#### EXERCISE:
Please begin with the line containing "Used 2024 MAZDA" and reproduce each line exactly until the records below end, without any pictures.

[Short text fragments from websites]

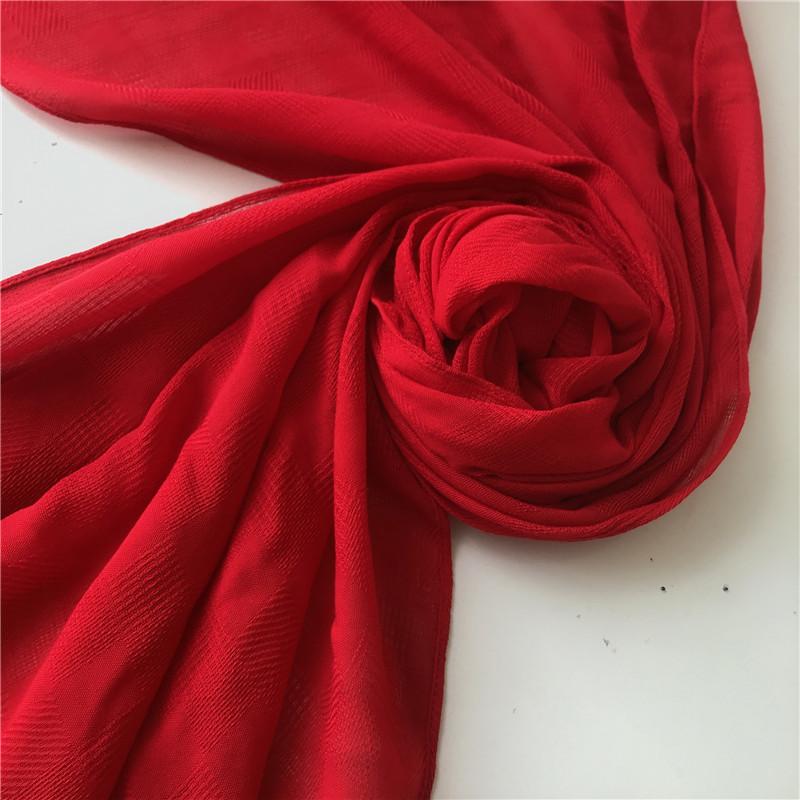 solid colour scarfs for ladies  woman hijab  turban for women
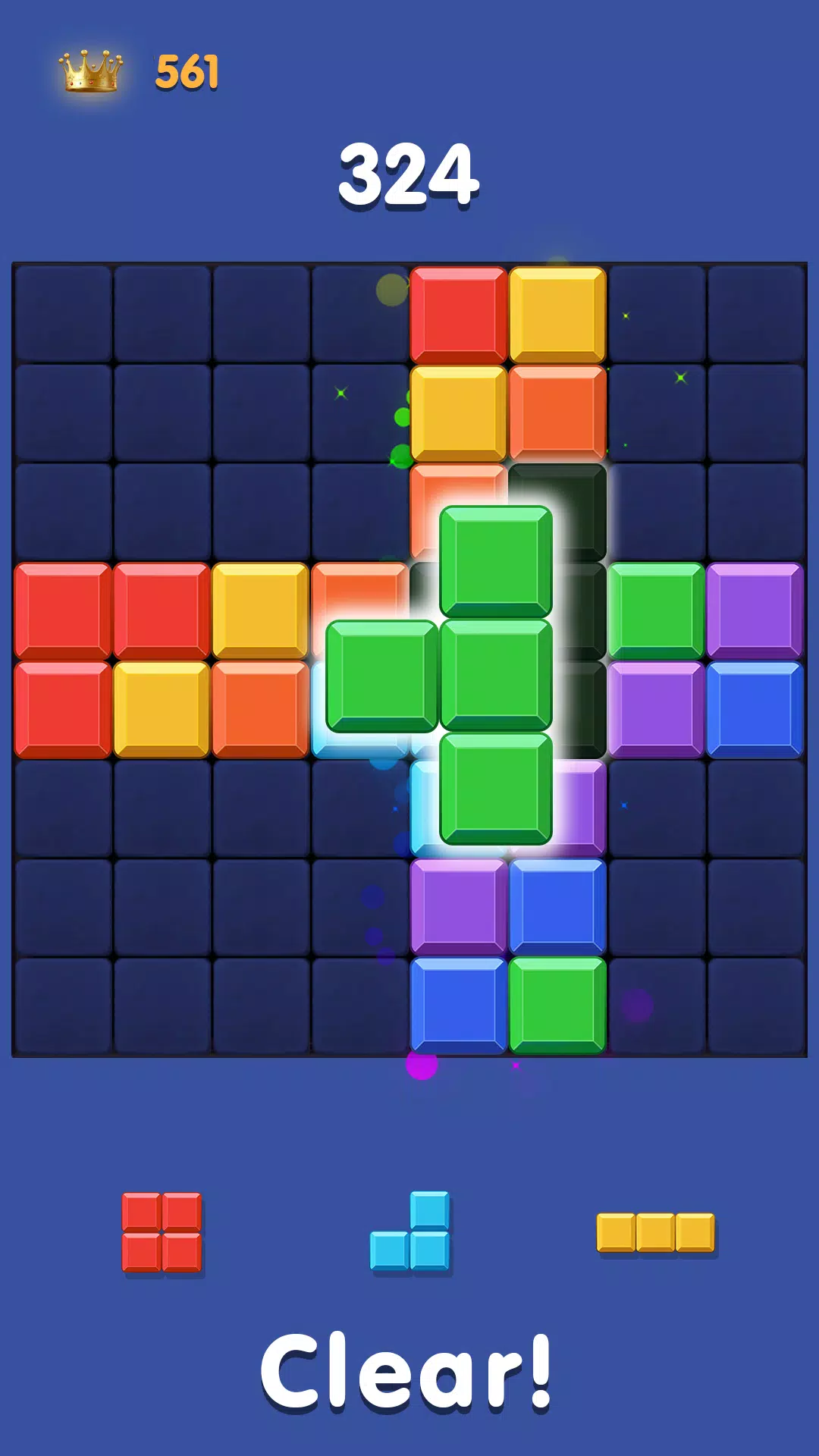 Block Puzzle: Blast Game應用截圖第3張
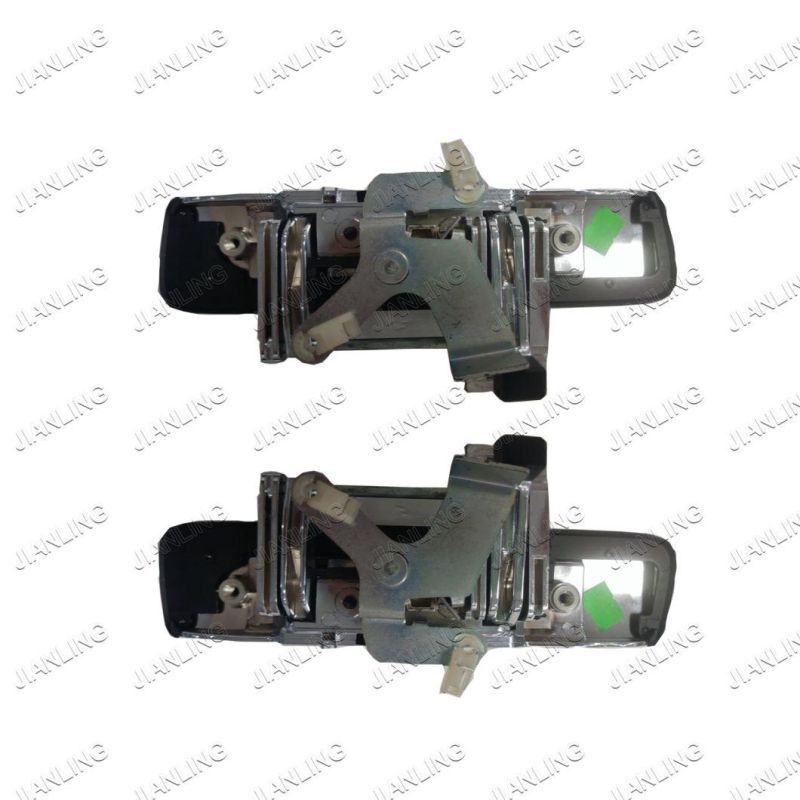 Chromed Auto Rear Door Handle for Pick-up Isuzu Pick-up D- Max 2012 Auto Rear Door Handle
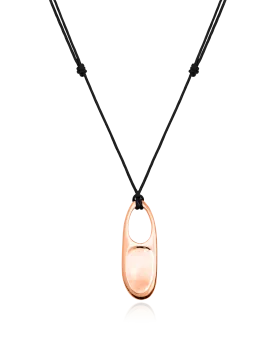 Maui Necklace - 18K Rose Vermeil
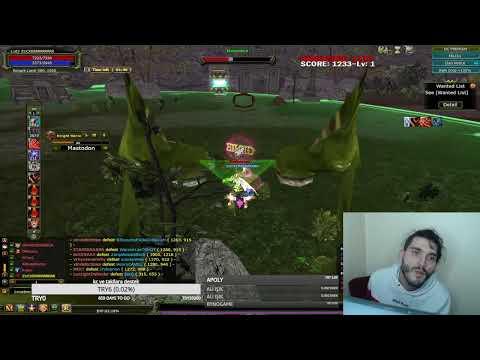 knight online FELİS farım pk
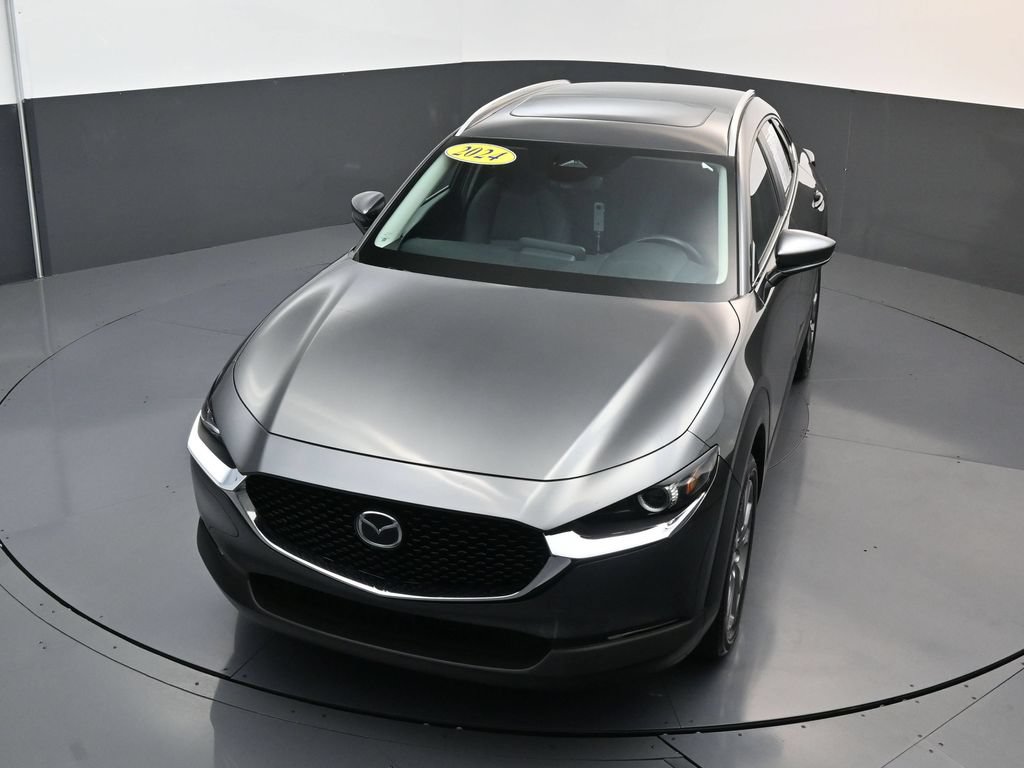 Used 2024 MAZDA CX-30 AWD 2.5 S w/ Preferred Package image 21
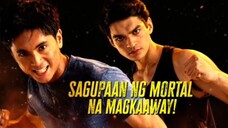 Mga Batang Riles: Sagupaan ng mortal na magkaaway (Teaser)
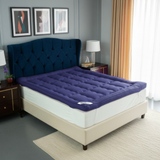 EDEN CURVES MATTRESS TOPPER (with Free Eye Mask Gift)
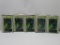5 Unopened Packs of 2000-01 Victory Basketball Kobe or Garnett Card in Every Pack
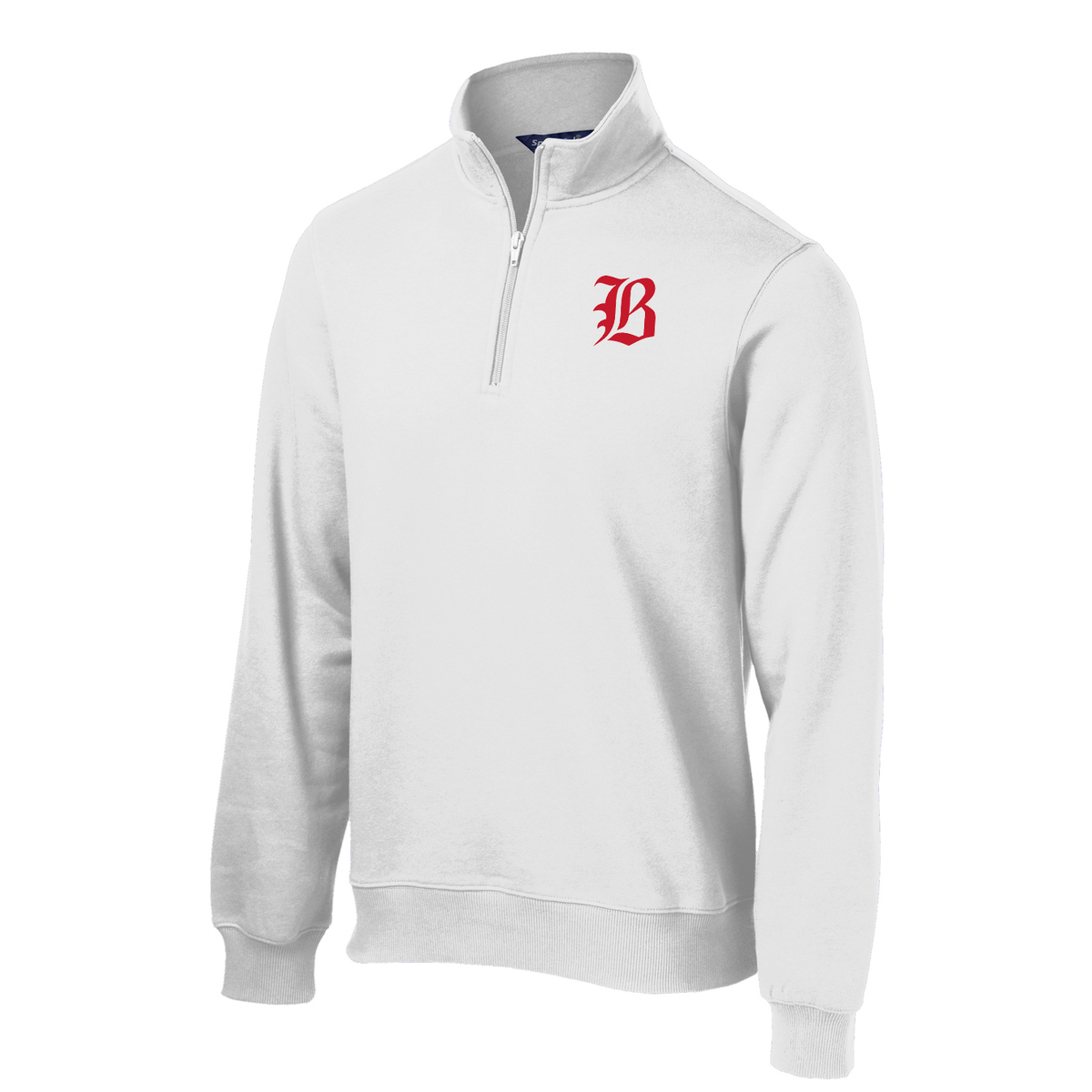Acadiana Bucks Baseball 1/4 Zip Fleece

#### FINISHED EXERCISE:
 Used 2024 MAZDA CX-30 AWD 2.5 S w/ Preferred Package image 21
 Mga Batang Riles: Sagupaan ng mortal na magkaaway (Teaser)
 EDEN CURVES MATTRESS TOPPER (with Free Eye Mask Gift)
5 Unopened Packs of 2000-01 Victory Basketball Kobe or Garnett Card in Every Pack
Acadiana Bucks Baseball 1/4 Zip Fleece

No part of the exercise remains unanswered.